Driven, Damped Oscillator; Plot x(t)/A

[oddjobmj]

Homework Statement

The problem is long so I will post the whole thing but ask only for help on part C.

The steady-state motion of a damped oscillator driven by an applied force F0 cos(ωt) is given by xss(t) = A cos(ωt + φ).
Consider the oscillator which is released from rest at t = 0. Its motion must satisfy x(0) = 0 and v(0) = 0. After a very long time, we expect that x(t) = xss(t). To satisfy these conditions we can take as the solution
x(t) = xss(t) + xtr(t),
where xtr(t) is a solution to the equation of motion of the free damped oscillator.

(A) Show that if xss(t) satisfies the equation of motion for the forced damped oscillator, then so does x(t) = xss(t) + xtr(t), where xtr(t) satisfies the equation of motion of the free damped oscillator.

(B) Sketch the resulting motion for the case that the oscillator is driven at resonance (i.e., ω = ω0 where ω02=k/m) with b=mω0.
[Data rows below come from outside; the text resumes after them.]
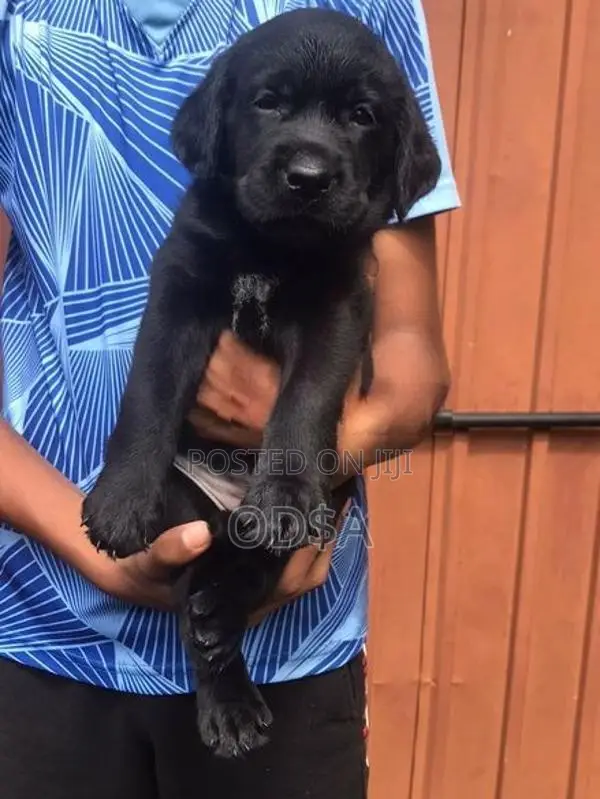 Black Labrador Puppies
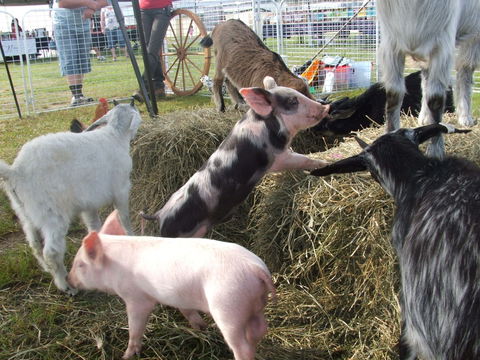 Primex Field Days - Online Virtual Event - SA Accommodation 2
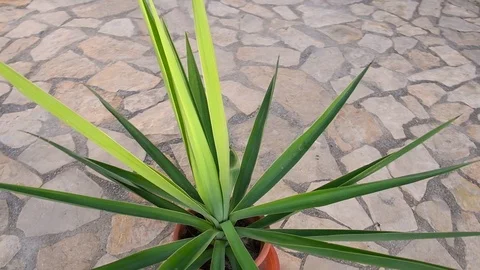 Close-up of yucca, camera flying around. 360° surround view camera. Stock Footage 116546785
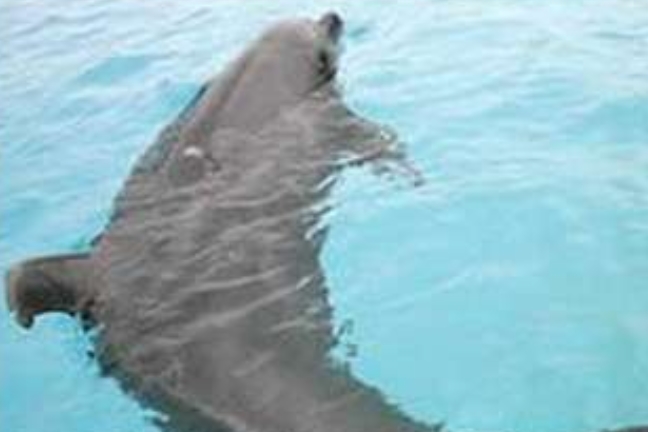 Το δελφίνι με την τεχνητή ουρά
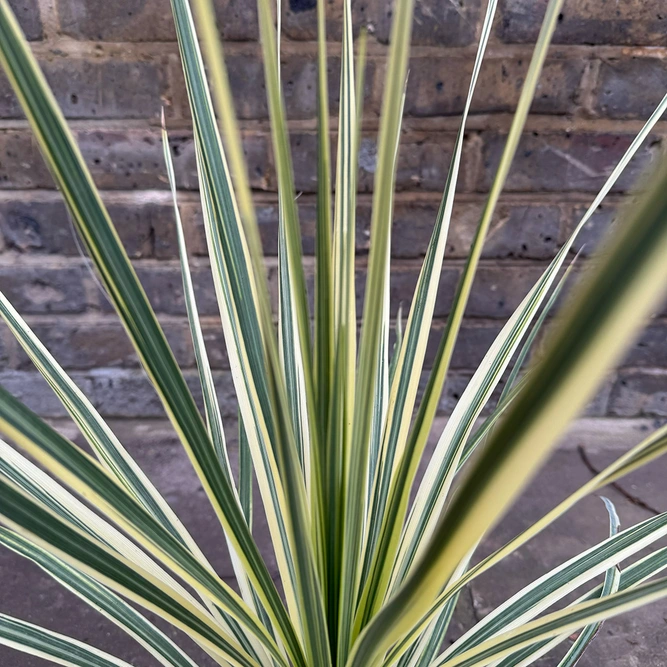 Cordyline 'Lime Passion' (Pot Size 3L) Lime Cordyline - image 1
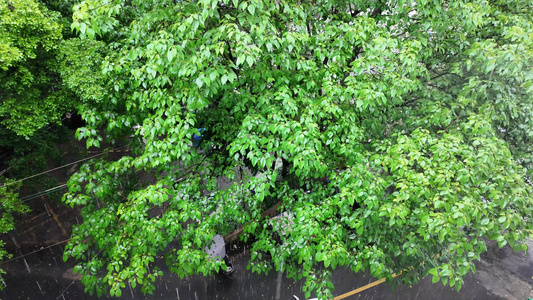 下雨树木树叶雨滴视频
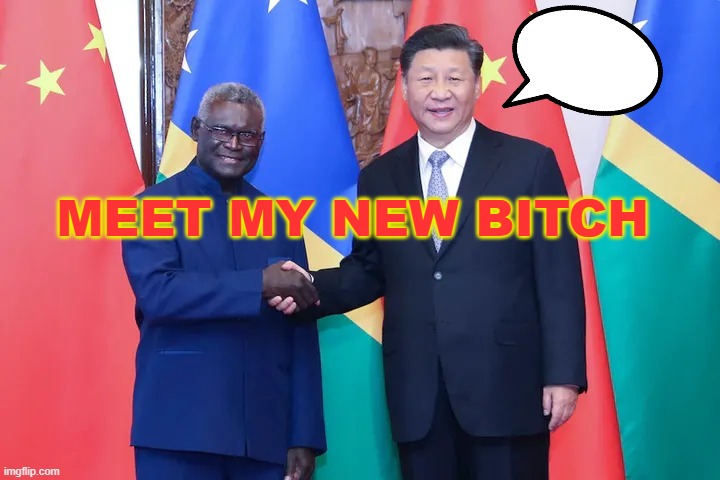 meet my new bitch | MEET MY NEW BITCH | image tagged in thin red line | made w/ Imgflip meme maker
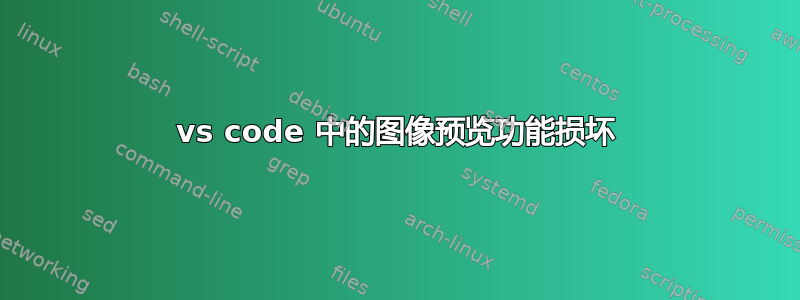 vs code 中的图像预览功能损坏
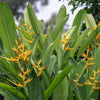 Andromeda Heliconia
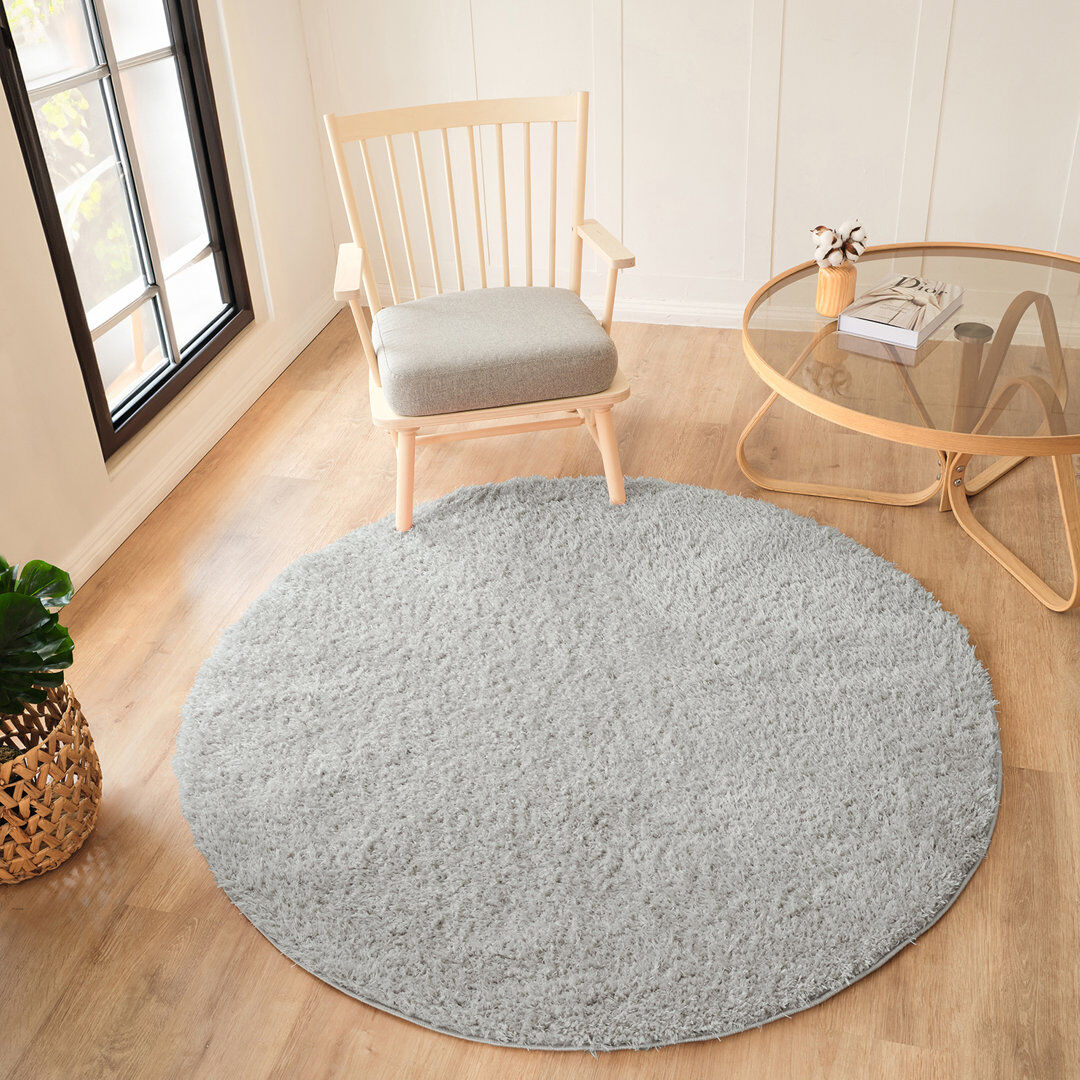 Brayden Studio Arzan Solid Colour Area Rug Gray Round 160cm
(C) Choose the arbitrary constants in xtr(t) so that x(t) satisfies the initial conditions, assuming that the oscillator is driven at resonance with b=mω0. Hand in an accurate graph of x(t)/A.

Homework Equations

x(t)/A=sin(w₀t)-\frac{2}{sqrt(3)}sin(\frac{sqrt(3)}{2}w₀t)e^-w_0t/2

A=\frac{F_0}{mw_0^2}

The Attempt at a Solution

I am not quite sure what I am being asked for. How do I pick the constants in x_tr(t)? Does it matter what I use or can I just plug in 1 for all of them and plot the result? Doing that yields a plot that seems to exhibit the characteristics that a driven, damped oscillator would.

Thank you!

 

[vela]

The response of the system when $b=m\omega_0$ is given by
$$x(t) = e^{-\omega_0 t/2}\left[c_1 \cos \left(\frac{\sqrt{3}\omega_0 t}{2}\right) + c_2 \sin \left(\frac{\sqrt{3}\omega_0 t}{2}\right)\right] + \frac{F_0}{m[(\omega_0^2-\omega^2)^2 + \omega_0^2\omega^2]}[(\omega_0^2-\omega^2)\cos \omega t + \omega_0\omega \sin \omega t]$$ where $c_1$ and $c_2$ are arbitrary constants to be determined by the initial conditions. At resonance, we have $\omega=\omega_0$, and the solution simplifies to
$$x(t) = e^{-\omega_0 t/2}\left[c_1 \cos \left(\frac{\sqrt{3}\omega_0 t}{2}\right) + c_2 \sin \left(\frac{\sqrt{3}\omega_0 t}{2}\right)\right] + \frac{F_0}{m\omega_0^2}\sin \omega_0 t.$$ The condition $x(0)=0$ requires that $c_1=0$. Taking the derivative of x(t), we get
$$v(t) = c_2e^{-\omega_0 t/2}\left[-\frac{\omega_0}{2}\sin \left(\frac{\sqrt{3}\omega_0 t}{2}\right) + \frac{\sqrt{3}\omega_0}{2} \cos \left(\frac{\sqrt{3}\omega_0 t}{2}\right)\right] + \frac{F_0}{m\omega_0}\cos \omega_0 t.$$ The condition $v(0)=0$ requires that
$$\frac{\sqrt{3}c_2\omega_0}{2} + \frac{F_0}{m\omega_0} = 0.$$ Solving for $c_2$ gives
$$c_2 = -\frac{2F_0}{\sqrt{3}m\omega_0^2}.$$ The solution is therefore
$$x(t) = \frac{F_0}{m\omega_0^2}\left[\sin \omega_0 t - \frac{2}{\sqrt{3}}\sin\left(\frac{\sqrt{3}}{2}\omega_0 t\right)\right].$$ To plot the function $x(t)/A$ where $A = \frac{F_0}{m\omega_0^2}$, define $T_0 = \frac{2\pi}{\omega_0}$ and plot in units of $T_0$.